We discussed Maurice Sendak’s children’s classic Where The Wild Things Are, and Eggers’ novel adaptation of it titled The Wild Things. Sendak is gay but made an official admission of his orientation in 2008. He’s lived with psychoanalyst Eugene Glynn for 50 years.

On the whole, the book club felt that Eggers, while a good writer of prose, did not capture the vivid and magical world conjured by Sendak’s short children’s book. Some members, such as Joshua and Gavin, felt the fleshing out of the characters and the “heavy-handed” commentary on war and violence killed the seemingly innocent charm of the original. However, Eggers’ biggest crime, some say, is his failure to capture the gay subtext inherent in the original.

Timmy found Sendak’s version dark and evocative, allow your imagination to run wild and fill in the gaps. He did not enjoy Egger’s detailed “deconstruction” of Sendak’s original. Like many others, he feels Eggers’ verbose writing style detracts rather than adds to Sendak’s much-beloved characters. When fleshed out, Max appears pesky and the monsters become unloveable. Javin says the events on the island are rendered meandering and “plotless” in Egger’s hands. Helmi calls them a “patchwork of incidents that don’t build on each other for a satisfying climax”.

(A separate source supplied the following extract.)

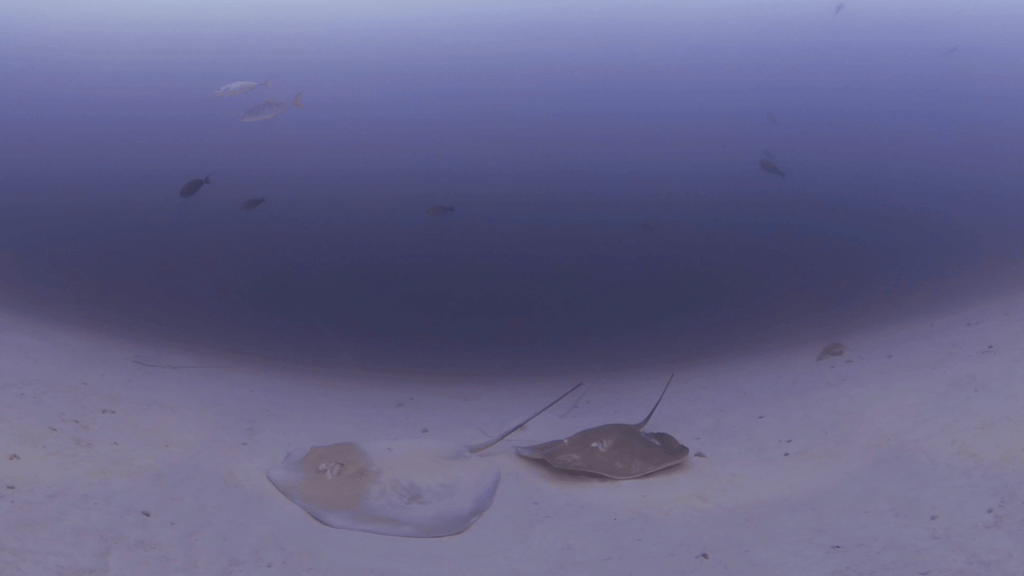 Rays on Sandy Flats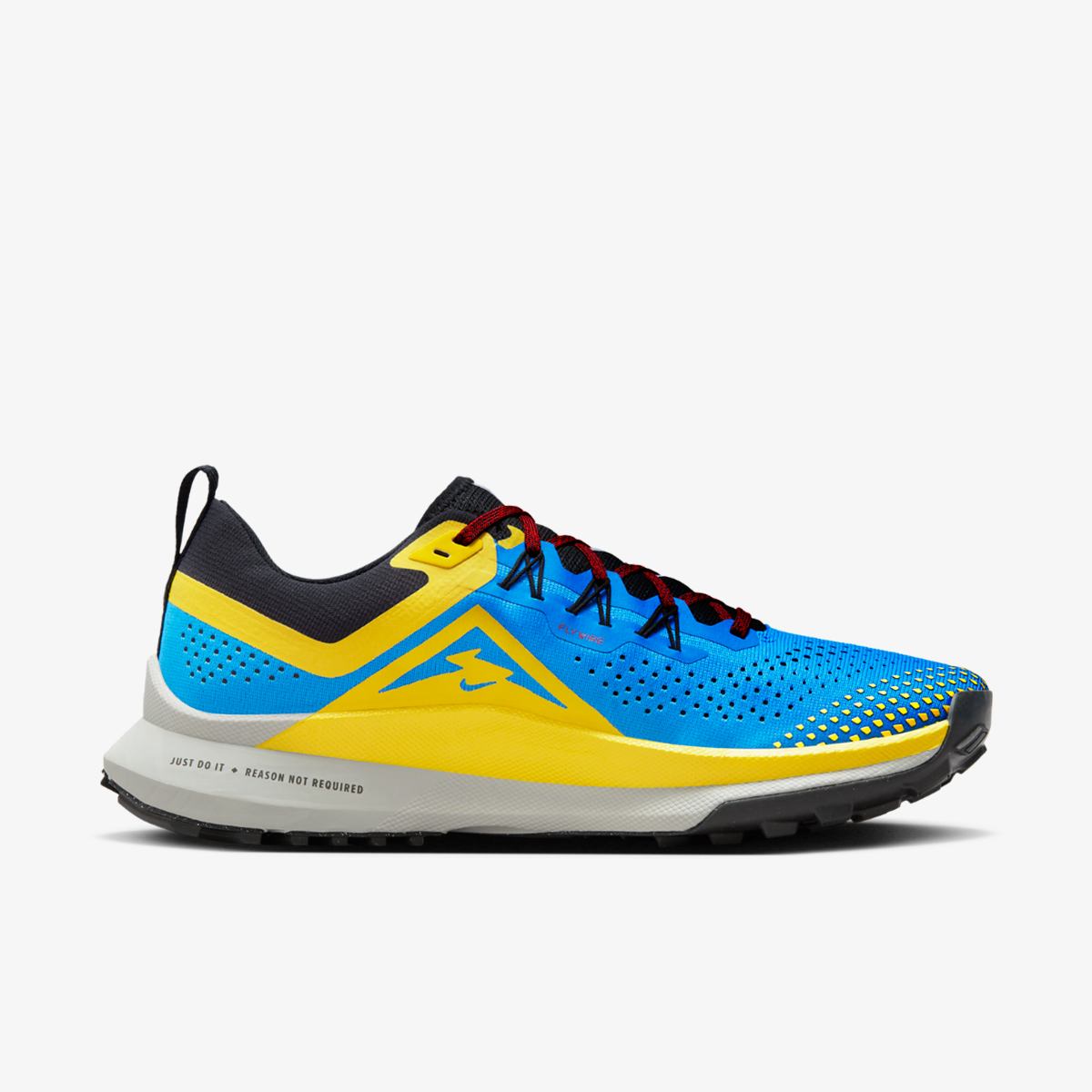 Кросівки для бігу чоловічі Nike Pegasus Trail (DJ6158-401) — фото 1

Aaron spent much time explaining why Sendak’s Where The Wild Things Are is really a gay fable clothed in a child’s tale. Max’s foray into the island represents a gay man’s jaunt in Central Park where staring incidents and “wild rumpuses” take place. Alex is convinced that Max has entered a gay sauna – what with all the dark spaces and furry plus-sized monsters (bears) who want to “eat you up”. The wolf suit that Max dons, says Aaron, is a specific reference to the term “wolf”, which in the gay lingo of the 1960s, stands for unbridled sexuality.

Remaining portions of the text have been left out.